#### [Required action]
Within the entries below, the lines from the one with "Urokliwy dom 100" through the one with "3734 E Dakota" are to be set down exactly, both ends kept.

#### [Records supplied]
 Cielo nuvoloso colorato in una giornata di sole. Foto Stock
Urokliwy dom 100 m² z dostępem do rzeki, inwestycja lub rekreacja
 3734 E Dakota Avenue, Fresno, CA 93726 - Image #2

---

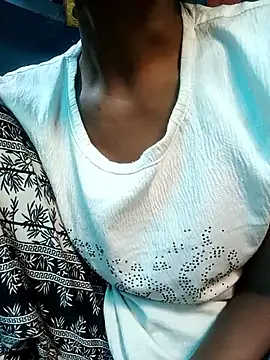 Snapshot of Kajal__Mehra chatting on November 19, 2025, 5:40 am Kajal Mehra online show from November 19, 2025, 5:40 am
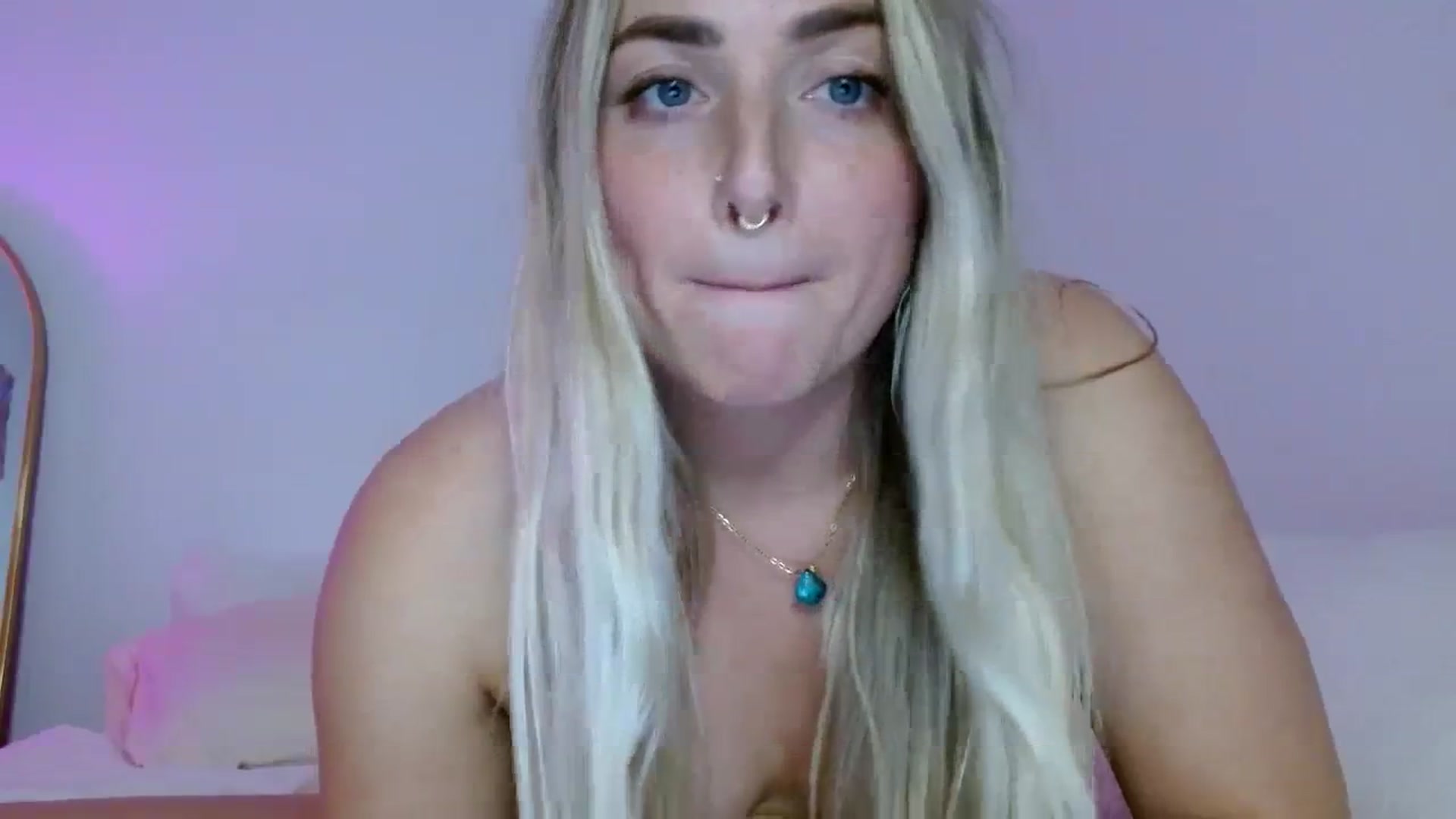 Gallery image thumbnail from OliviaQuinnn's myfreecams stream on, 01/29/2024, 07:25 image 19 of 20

* * *

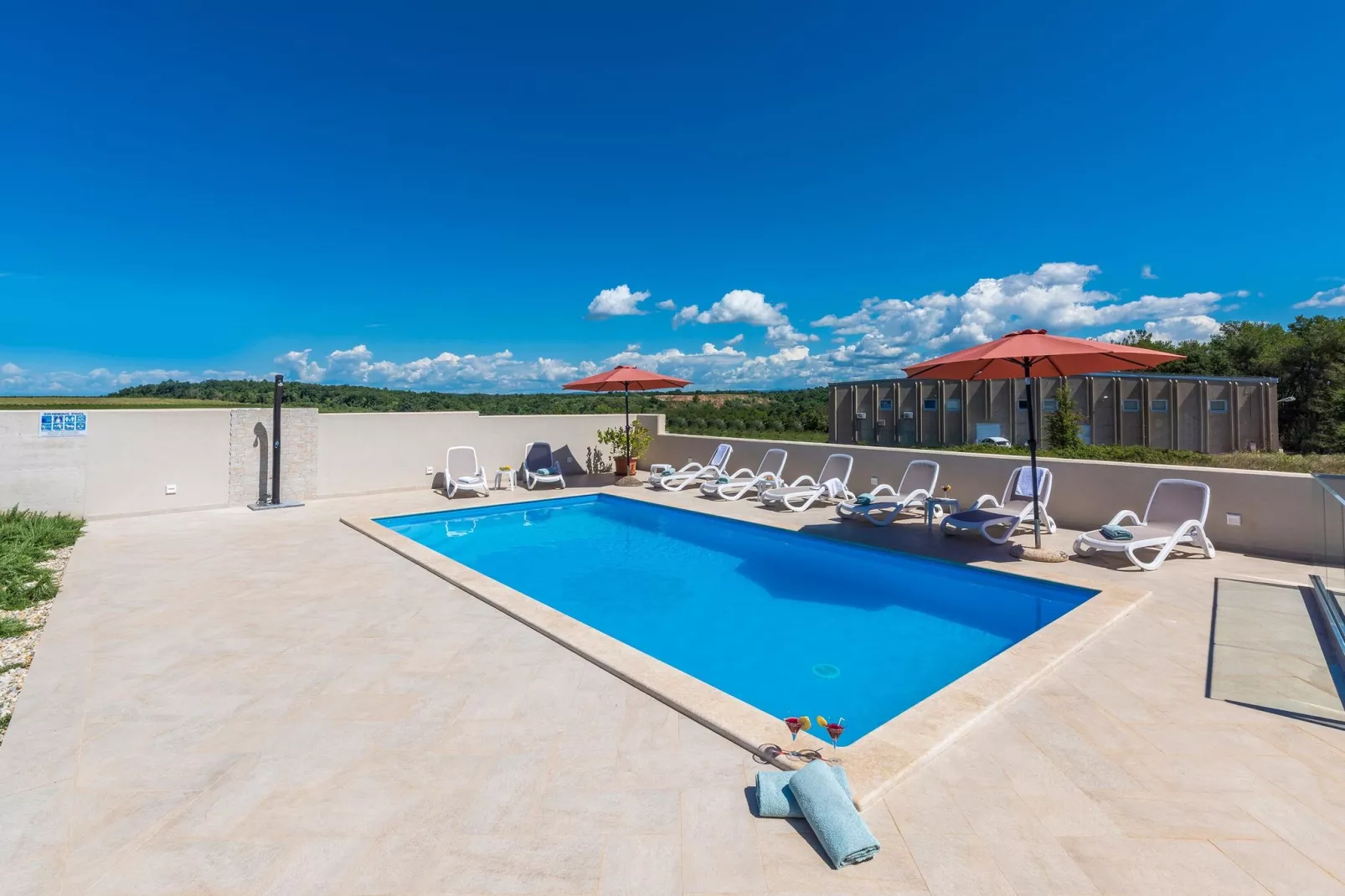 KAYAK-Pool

#### [Answer area]
Urokliwy dom 100 m² z dostępem do rzeki, inwestycja lub rekreacja
 3734 E Dakota Avenue, Fresno, CA 93726 - Image #2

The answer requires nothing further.